• **Problem requirements**: Repeat the data precisely as given.

#### Dataset extract

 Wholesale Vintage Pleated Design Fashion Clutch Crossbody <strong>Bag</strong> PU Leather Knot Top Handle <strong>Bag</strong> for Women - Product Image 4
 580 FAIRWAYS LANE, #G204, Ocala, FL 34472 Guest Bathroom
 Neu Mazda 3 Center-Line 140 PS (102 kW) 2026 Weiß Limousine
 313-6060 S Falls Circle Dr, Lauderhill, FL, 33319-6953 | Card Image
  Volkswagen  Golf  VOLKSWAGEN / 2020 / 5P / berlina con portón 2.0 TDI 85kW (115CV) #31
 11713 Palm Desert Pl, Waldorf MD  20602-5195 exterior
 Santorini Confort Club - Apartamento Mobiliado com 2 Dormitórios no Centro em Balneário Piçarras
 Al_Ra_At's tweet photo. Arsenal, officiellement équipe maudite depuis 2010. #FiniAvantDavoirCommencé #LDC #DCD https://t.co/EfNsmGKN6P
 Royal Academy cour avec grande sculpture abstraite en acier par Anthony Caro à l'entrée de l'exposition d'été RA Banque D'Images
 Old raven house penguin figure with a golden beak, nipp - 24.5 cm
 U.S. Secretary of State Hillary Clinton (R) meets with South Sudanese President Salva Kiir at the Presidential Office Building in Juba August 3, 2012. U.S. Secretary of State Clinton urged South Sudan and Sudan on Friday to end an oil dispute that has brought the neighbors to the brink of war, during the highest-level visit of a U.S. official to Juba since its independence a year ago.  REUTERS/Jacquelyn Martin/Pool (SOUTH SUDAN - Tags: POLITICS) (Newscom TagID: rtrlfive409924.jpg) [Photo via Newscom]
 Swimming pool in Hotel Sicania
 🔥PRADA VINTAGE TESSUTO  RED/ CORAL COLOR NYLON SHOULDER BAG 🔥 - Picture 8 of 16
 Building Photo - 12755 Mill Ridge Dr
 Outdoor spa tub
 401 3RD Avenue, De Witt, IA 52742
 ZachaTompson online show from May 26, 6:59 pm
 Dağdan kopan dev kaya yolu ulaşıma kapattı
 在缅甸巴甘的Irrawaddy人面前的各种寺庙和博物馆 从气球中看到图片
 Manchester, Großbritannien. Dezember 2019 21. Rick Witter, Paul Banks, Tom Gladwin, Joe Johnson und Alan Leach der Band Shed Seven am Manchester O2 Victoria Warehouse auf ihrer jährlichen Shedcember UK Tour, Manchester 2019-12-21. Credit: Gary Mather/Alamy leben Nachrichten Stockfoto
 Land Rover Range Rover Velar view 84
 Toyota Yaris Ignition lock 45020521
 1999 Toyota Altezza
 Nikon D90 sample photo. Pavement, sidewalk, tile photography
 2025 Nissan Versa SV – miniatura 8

########

• **The answer**:
 Wholesale Vintage Pleated Design Fashion Clutch Crossbody <strong>Bag</strong> PU Leather Knot Top Handle <strong>Bag</strong> for Women - Product Image 4
 580 FAIRWAYS LANE, #G204, Ocala, FL 34472 Guest Bathroom
 Neu Mazda 3 Center-Line 140 PS (102 kW) 2026 Weiß Limousine
 313-6060 S Falls Circle Dr, Lauderhill, FL, 33319-6953 | Card Image
  Volkswagen  Golf  VOLKSWAGEN / 2020 / 5P / berlina con portón 2.0 TDI 85kW (115CV) #31
 11713 Palm Desert Pl, Waldorf MD  20602-5195 exterior
 Santorini Confort Club - Apartamento Mobiliado com 2 Dormitórios no Centro em Balneário Piçarras
 Al_Ra_At's tweet photo. Arsenal, officiellement équipe maudite depuis 2010. #FiniAvantDavoirCommencé #LDC #DCD https://t.co/EfNsmGKN6P
 Royal Academy cour avec grande sculpture abstraite en acier par Anthony Caro à l'entrée de l'exposition d'été RA Banque D'Images
 Old raven house penguin figure with a golden beak, nipp - 24.5 cm
 U.S. Secretary of State Hillary Clinton (R) meets with South Sudanese President Salva Kiir at the Presidential Office Building in Juba August 3, 2012. U.S. Secretary of State Clinton urged South Sudan and Sudan on Friday to end an oil dispute that has brought the neighbors to the brink of war, during the highest-level visit of a U.S. official to Juba since its independence a year ago.  REUTERS/Jacquelyn Martin/Pool (SOUTH SUDAN - Tags: POLITICS) (Newscom TagID: rtrlfive409924.jpg) [Photo via Newscom]
 Swimming pool in Hotel Sicania
 🔥PRADA VINTAGE TESSUTO  RED/ CORAL COLOR NYLON SHOULDER BAG 🔥 - Picture 8 of 16
 Building Photo - 12755 Mill Ridge Dr
 Outdoor spa tub
 401 3RD Avenue, De Witt, IA 52742
 ZachaTompson online show from May 26, 6:59 pm
 Dağdan kopan dev kaya yolu ulaşıma kapattı
 在缅甸巴甘的Irrawaddy人面前的各种寺庙和博物馆 从气球中看到图片
 Manchester, Großbritannien. Dezember 2019 21. Rick Witter, Paul Banks, Tom Gladwin, Joe Johnson und Alan Leach der Band Shed Seven am Manchester O2 Victoria Warehouse auf ihrer jährlichen Shedcember UK Tour, Manchester 2019-12-21. Credit: Gary Mather/Alamy leben Nachrichten Stockfoto
 Land Rover Range Rover Velar view 84
 Toyota Yaris Ignition lock 45020521
 1999 Toyota Altezza
 Nikon D90 sample photo. Pavement, sidewalk, tile photography
 2025 Nissan Versa SV – miniatura 8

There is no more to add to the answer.